Iteration 7. Optimize TTT on the evaluation set

10-05-2025

Goal

Optimize the hyperparameters of TTT on the evaluation set, and then make submissions to the test set.

Motivation

On previous iterations I have seen that there is variability on LB scores. There could be changes up to 3.5 points between submissions of the same configuration. My current best LB score is probably luck.

Previously I had the problem that evaluations took around 5 hours, and Kaggle only allows 15 hours per week for the 4xL4 machine. So at max I could do 3 evaluations per week which is very limited.

By analyzing all the evaluation set evaluations I have found that only 22 tasks were solved once. Thus I could use just those tasks instead of the whole 120 tasks to speedup evaluation. Moreover I have linked Google Colab Plus to Kaggle and now I have 22 hours per week. This means that now I could do around 22 evaluations per week, and that opens the door to optimize the hyperparameters on the evaluation set.

Development

Results

Lora rank and learning rate

Google sheet

The best learning rate seems to be around 2e-4, there is no evidence that lora 32 is better.

Number of predictions

Let's study if increasing the number of predictions has a significative effect on the accuracy.
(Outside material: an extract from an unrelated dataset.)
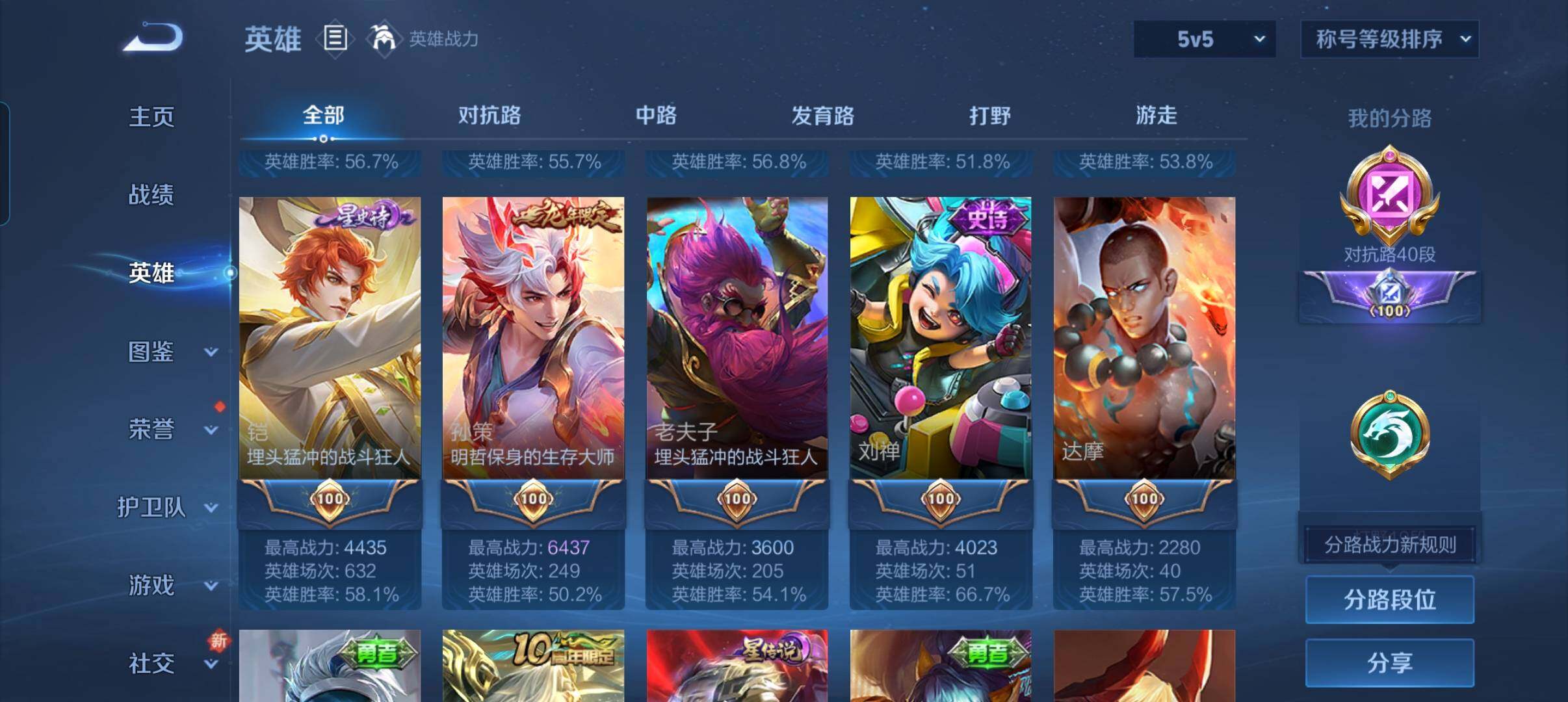 WZCMW418837王者荣耀账号详情图14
There is no evidence suggesting that using more than 8 predictions is beneficial. Using 2 or 4 predictions is clearly not enough. 8 seems to be the sweet spot.

min_prob

For the first time we are scoring above 12 on the evaluation set. Despite the randomness of the scores we see a clear trend of improvement when using a lower value of min_prob. The drawback is that it requires more execution time.

max_seq_length

It seems that if it is too small is it hurtful, otherwise there isn't a relation between the parameters. Thus I believe I should use the maximum possible value to be able to solve tasks with big grids.

Repeatability

configuration	mean eval score	n_experiments
epochs=10, n=1, lr=1e-4, r=16, min_prob=0.17	9.8 ± 0.7	13
epochs=10, n=1, lr=2e-4, r=4, min_prob=0.17	10.4 ± 0.8	11
epochs=10, n=1, lr=2e-4, r=4, min_prob=0.1	10.6 ± 0.7	11

Evidence is not very strong, but it seems that for the evaluation set we have found a better configuration than the previous one.

However I have made submissions with the new configuration, and on the test set I don't see a difference.

configuration	mean test score	n_experiments
epochs=10, n=1, lr=1e-4, min_prob=0.17, r=32	10.5 ± 1.3	5
epochs=10, n=1, lr=1e-4, min_prob=0.17, r=16	9.9 ± 1.7	5
epochs=10, n=1, lr=2e-4, min_prob=0.17, r=4,	10.3 ± 1.3	5

Link to Google Sheet

Conclusion

We have optimized the hyperparameters for the evaluation set, but the improvements didn't transfer to the test set.

Next steps

It might be helpful to initialize the LoRA on the new ARC25 tasks. Last year I observed that it was better to start from pretrained LoRA than to use a fresh new one.